The traditional method of storing documents on paper is expensive in terms of both storage space, and, more important, the time it takes to locate and retrieve information when it is required. It is becoming ever more attractive to store and access documents electronically. The text in a stack of books hundreds of feet high can be held on just one computer disk, which makes electronic media astonishingly efficient in terms of physical space. More important, the information can be accessed using keywords drawn from the text itself, which, compared with manual document indexing schemes, provides both flexibility, in that all words are keywords, and reliability, because indexing is accomplished without any human interpretation or intervention. Moreover, organizations nowadays have to cope with diverse sources of electronic information such as machine-readable text, facsimile and other scanned documents, and digitized graphics. All these can be stored and accessed efficiently using electronic media rather than paper.

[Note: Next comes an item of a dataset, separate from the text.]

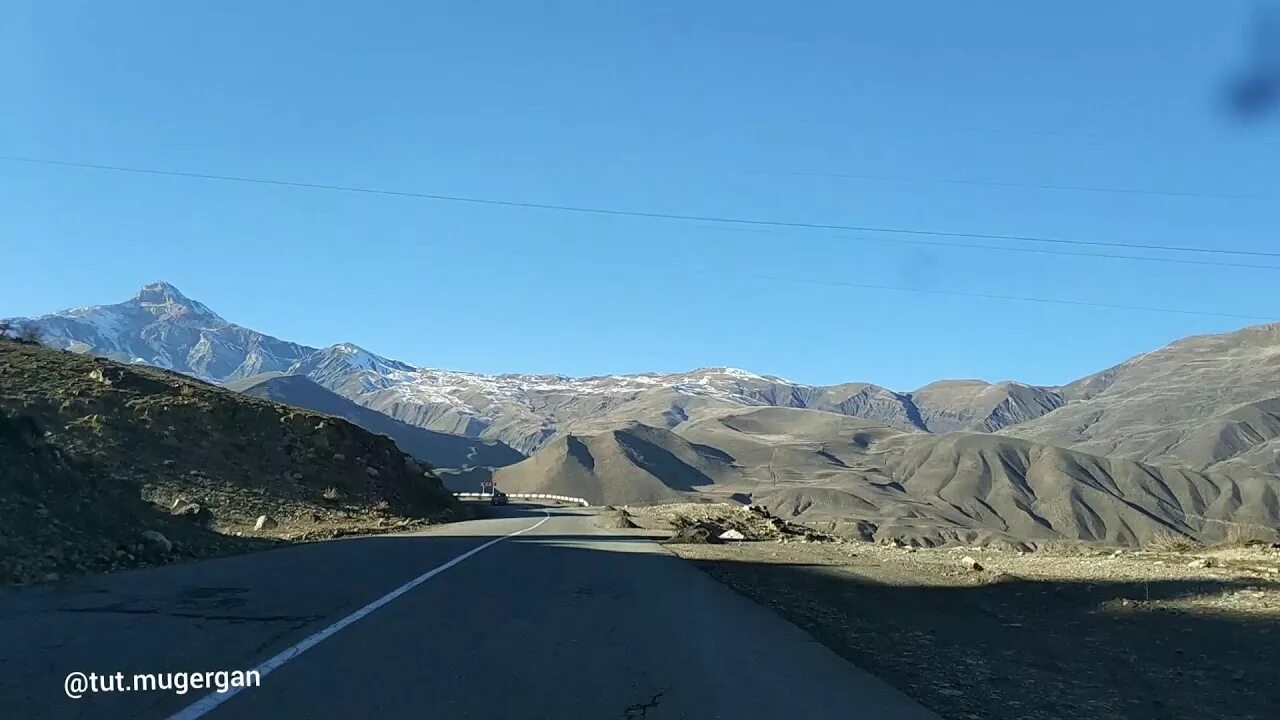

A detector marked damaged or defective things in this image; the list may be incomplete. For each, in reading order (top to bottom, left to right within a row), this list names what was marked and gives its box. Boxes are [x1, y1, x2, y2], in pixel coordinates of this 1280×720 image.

road surface crack [622, 686, 665, 712]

This book is about how to manage large numbers of documents -- gigabytes of data. A gigabyte is approximately one thousand million bytes, enough to store the text of a thousand books. The term has gained currency only recently, as the capacity of mass storage devices has grown. Just two decades ago, requirements measured in megabytes (one million bytes) seemed extravagant, even fanciful. Now personal computers come with gigabytes of storage, and it is commonplace for even small organizations to store many gigabytes of data. Since the first edition of this book, the explosion of the World Wide Web has made terabytes (one million million, or one trillion, bytes) of data available to the public, making even more people aware of the problems involved in handling this quantity of data.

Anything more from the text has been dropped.